S2 ... = A(g1(i1 ... in), ..., gm(i1 ... in))
}
...
}
}
A dependence exists from S1 to S2 if and only if there exist values of α and
β such that α < β and the following system of dependence equations is satisfied:
fi(α) = gi(β) for all i, 1 ≤ i ≤ m
Solving the above system of equations for arbitrary f and g functions is undecidable. Why is the problem undecidable? The “halting problem” is a classic undecidable problem. Consider what would happen if one of the fi functions involved a function call that may or may not terminate. If you had a precise algorithm for dependence testing, how could you use that to solve the halting problem? Assuming all the subscript expressions involve terminating computations the above system of equations is still too difficult to solve. In fact, even if all the subscript expressions (i.e., all the fi and gi functions) were restricted to polynomials the system of equations is still too difficult. Fortunately, in most practical programs the subscript expressions tend to be simple—linear functions of loop-index variables in an overwhelming majority of the cases. In such cases, we can write the linear system of equations that must be satisfied for a dependence to exist between two array references with m subscripts that are enclosed in a loop-nest n-levels deep (i.e., an n-dimensional iteration vector space) as:
a11i1 + a12i2 + ... + a1nin + c1 = b11j1 + b12j2 + ... + b1njn + d1
a21i1 + a22i2 + ... + a2nin + c2 = b21j1 + b22j2 + ... + b2njn + d2
...
am1i1 + am2i2 + ... + amnin + cm = bm1j1 + bm2j2 + ... + bmnjn + dm
Thus, there are 2×n variables and m equations. Clearly, we are interested in solutions over a limited domain bounded by the lower and upper bounds of each loop in the loop-nest. As long as there is at least one solution within this domain a dependence exists. If no such solution exists, then no dependence can exist. If a dependence is possible we would like to obtain direction or distance vectors for all possible dependences.
It is tempting to think that we can apply a standard technique to solve this linear system of equations that is of the form Ax = B, where A is a matrix of size m×2n and B is a vector of m elements. However, since we are solving for loop index variables, and the loop index variables can only be integers, we require integer solutions. A system of equations to be solved over the integer domain constitutes what are called Diophantine equations. Unfortunately, the problem of finding solutions to Diophantine equations is NP-hard.

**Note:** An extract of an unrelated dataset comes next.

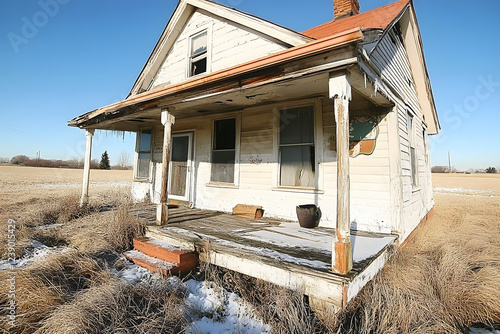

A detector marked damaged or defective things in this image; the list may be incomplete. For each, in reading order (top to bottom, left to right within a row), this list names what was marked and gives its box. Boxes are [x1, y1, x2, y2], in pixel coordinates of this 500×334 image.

rusty roof [302, 0, 408, 39]
broken gutter [67, 27, 364, 129]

Let us not forget that our goal is to determine dependences (or absence of dependences), not solving the Diophantine equations. Also, as soon as we have determined that two expressions in a particular subscript position cannot be equal we have proved independence and we are done. For the ithe subscript position this is equivalent to proving that the ith equation in the above list of equations can never hold.

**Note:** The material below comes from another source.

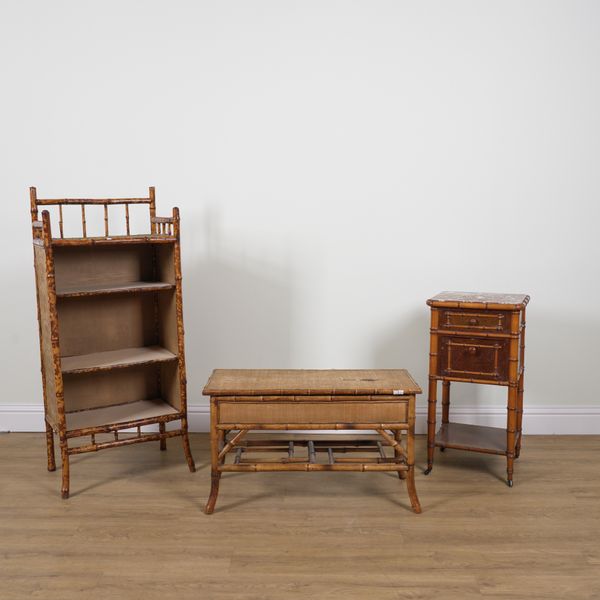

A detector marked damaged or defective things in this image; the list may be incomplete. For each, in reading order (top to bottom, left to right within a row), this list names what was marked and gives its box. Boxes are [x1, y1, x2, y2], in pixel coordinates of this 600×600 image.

burnt bamboo finish [29, 186, 195, 496]
burnt bamboo finish [202, 368, 422, 512]
burnt bamboo finish [422, 292, 528, 488]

We can rely on a practical observation to simplify our task: the coefficient matrix A in the above set of equations is usually very sparse. In other words, most subscript expressions tend to depend only on a small set of loop indices. Indeed, in many cases the subscripts depend only on one loop index. If the loop indices appearing in a pair of subscript expressions at a particular subscript position do not appear in any other subscript position, we call that subscript separable. For example, in the following piece of code,
for i = 1:N {
for j = 1:M {
for k = 1:P {
A(i+1,j+k,j) = A(i,k,k) + B;
}
}
}
the first subscript of A is separable since i is the only loop index that appears in the first subscript position of both the array references. The second and third subscripts are not separable since they both involve loop-index variables j and k. A group of subscripts that are tied together in this manner constitute a coupled group. Here is another example:
for i = 1:N {
for j = 1:M {
for k = 1:P {
A(k+1,j,j) = A(i,j,1) + B;
}
}
}
In this example, the first subscript is separable because all the loop indices involved in the first subscript position (the loop indices k and i) do not appear in any other subscripts. The second and third subscripts, on the other hand, are not separable and instead form a coupled group. Notice that coupled groups form equivalence classes over subscript positions where the equivalence relation is defined over subscript positions. Two subscript positions are in the same equivalence class (i.e., are related) if and only if their expressions have at least one common loop index. Why is this an equivalence relation? If you think of a separable subscript as a singleton equivalence class, the following simple algorithm can be used to partition the subscripts into equivalence classes of coupled groups. The algorithm starts by creating an equivalence class for each subscript position and then repeatedly searches for classes that contain at least one subscript position using a particular loop-index variable. All such classes are merged together.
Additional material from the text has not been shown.